#### GOAL OF THE EXERCISE:
Reproduce exactly, and only, the lines below from the one containing "DDR Makkaroni mit" through the one containing "2019-2020 MILWAUKEE BUCKS".

#### DATASET RECORDS:
※ ※ ※

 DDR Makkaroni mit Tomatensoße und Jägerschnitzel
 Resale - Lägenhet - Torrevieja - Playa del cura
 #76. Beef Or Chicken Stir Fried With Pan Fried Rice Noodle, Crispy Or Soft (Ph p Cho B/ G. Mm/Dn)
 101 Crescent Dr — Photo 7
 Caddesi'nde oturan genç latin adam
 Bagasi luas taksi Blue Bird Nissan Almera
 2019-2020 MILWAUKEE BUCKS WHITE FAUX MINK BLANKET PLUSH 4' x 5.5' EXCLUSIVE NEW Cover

※ ※ ※

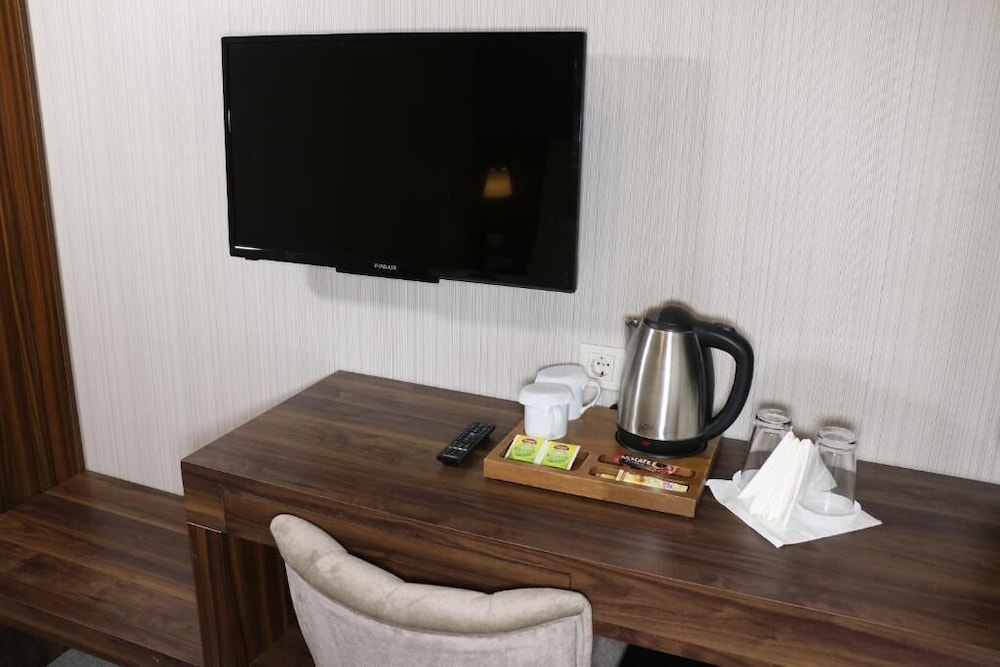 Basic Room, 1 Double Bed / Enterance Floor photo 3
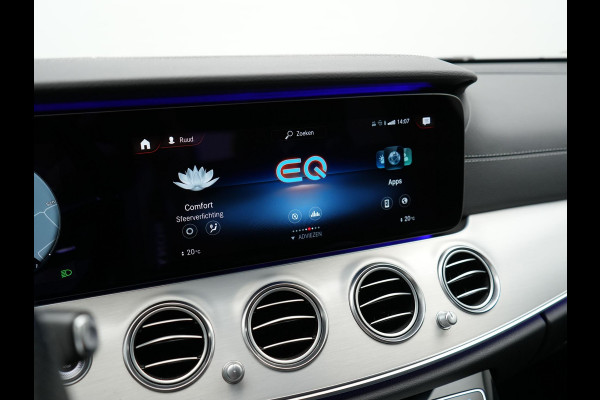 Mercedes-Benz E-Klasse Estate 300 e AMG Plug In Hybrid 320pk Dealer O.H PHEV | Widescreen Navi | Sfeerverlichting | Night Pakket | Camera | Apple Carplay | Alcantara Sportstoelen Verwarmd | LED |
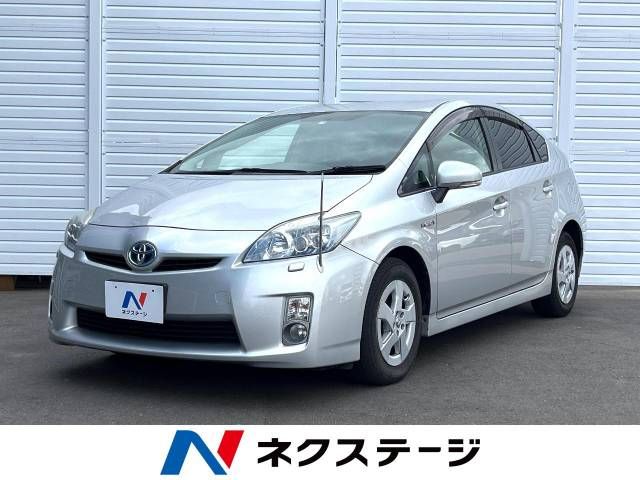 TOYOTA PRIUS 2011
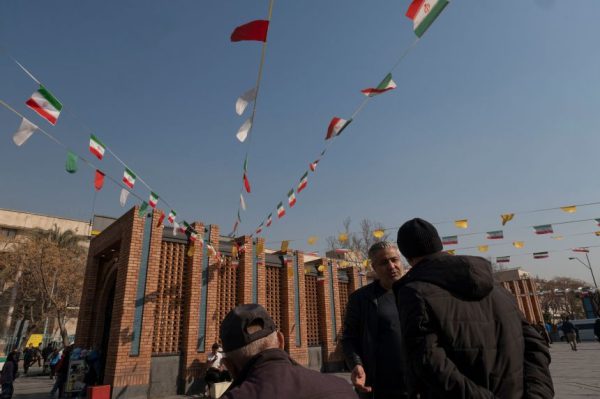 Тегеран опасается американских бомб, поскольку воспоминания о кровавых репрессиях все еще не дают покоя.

※ ※ ※

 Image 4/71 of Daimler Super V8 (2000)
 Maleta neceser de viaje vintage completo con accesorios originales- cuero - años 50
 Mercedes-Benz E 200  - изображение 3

※ ※ ※

#### OUTPUT OF THE EXERCISE:
 DDR Makkaroni mit Tomatensoße und Jägerschnitzel
 Resale - Lägenhet - Torrevieja - Playa del cura
 #76. Beef Or Chicken Stir Fried With Pan Fried Rice Noodle, Crispy Or Soft (Ph p Cho B/ G. Mm/Dn)
 101 Crescent Dr — Photo 7
 Caddesi'nde oturan genç latin adam
 Bagasi luas taksi Blue Bird Nissan Almera
 2019-2020 MILWAUKEE BUCKS WHITE FAUX MINK BLANKET PLUSH 4' x 5.5' EXCLUSIVE NEW Cover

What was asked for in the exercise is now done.